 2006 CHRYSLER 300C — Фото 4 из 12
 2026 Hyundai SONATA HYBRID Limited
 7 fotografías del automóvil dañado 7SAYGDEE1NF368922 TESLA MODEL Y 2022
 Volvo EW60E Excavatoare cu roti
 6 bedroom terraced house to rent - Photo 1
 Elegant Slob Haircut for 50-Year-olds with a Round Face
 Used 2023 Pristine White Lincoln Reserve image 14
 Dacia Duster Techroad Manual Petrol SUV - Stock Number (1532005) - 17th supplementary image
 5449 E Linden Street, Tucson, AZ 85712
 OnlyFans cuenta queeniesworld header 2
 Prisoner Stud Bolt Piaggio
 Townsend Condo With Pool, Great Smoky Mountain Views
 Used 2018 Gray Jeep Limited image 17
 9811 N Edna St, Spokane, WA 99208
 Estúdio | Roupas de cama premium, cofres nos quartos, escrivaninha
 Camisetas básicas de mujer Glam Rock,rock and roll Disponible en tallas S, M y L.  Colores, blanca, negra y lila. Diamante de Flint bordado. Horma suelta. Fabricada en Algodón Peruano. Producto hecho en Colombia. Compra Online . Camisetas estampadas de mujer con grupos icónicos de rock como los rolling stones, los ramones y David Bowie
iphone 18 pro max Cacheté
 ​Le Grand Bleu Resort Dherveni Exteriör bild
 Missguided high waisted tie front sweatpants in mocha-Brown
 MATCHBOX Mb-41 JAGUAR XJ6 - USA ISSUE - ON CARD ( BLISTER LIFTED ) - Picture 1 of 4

◆ TASK OBJECTIVE:
Copy every entry exactly; no part may be left out.

◆ EXPECTED ANSWER:
 2006 CHRYSLER 300C — Фото 4 из 12
 2026 Hyundai SONATA HYBRID Limited
 7 fotografías del automóvil dañado 7SAYGDEE1NF368922 TESLA MODEL Y 2022
 Volvo EW60E Excavatoare cu roti
 6 bedroom terraced house to rent - Photo 1
 Elegant Slob Haircut for 50-Year-olds with a Round Face
 Used 2023 Pristine White Lincoln Reserve image 14
 Dacia Duster Techroad Manual Petrol SUV - Stock Number (1532005) - 17th supplementary image
 5449 E Linden Street, Tucson, AZ 85712
 OnlyFans cuenta queeniesworld header 2
 Prisoner Stud Bolt Piaggio
 Townsend Condo With Pool, Great Smoky Mountain Views
 Used 2018 Gray Jeep Limited image 17
 9811 N Edna St, Spokane, WA 99208
 Estúdio | Roupas de cama premium, cofres nos quartos, escrivaninha
 Camisetas básicas de mujer Glam Rock,rock and roll Disponible en tallas S, M y L.  Colores, blanca, negra y lila. Diamante de Flint bordado. Horma suelta. Fabricada en Algodón Peruano. Producto hecho en Colombia. Compra Online . Camisetas estampadas de mujer con grupos icónicos de rock como los rolling stones, los ramones y David Bowie
iphone 18 pro max Cacheté
 ​Le Grand Bleu Resort Dherveni Exteriör bild
 Missguided high waisted tie front sweatpants in mocha-Brown
 MATCHBOX Mb-41 JAGUAR XJ6 - USA ISSUE - ON CARD ( BLISTER LIFTED ) - Picture 1 of 4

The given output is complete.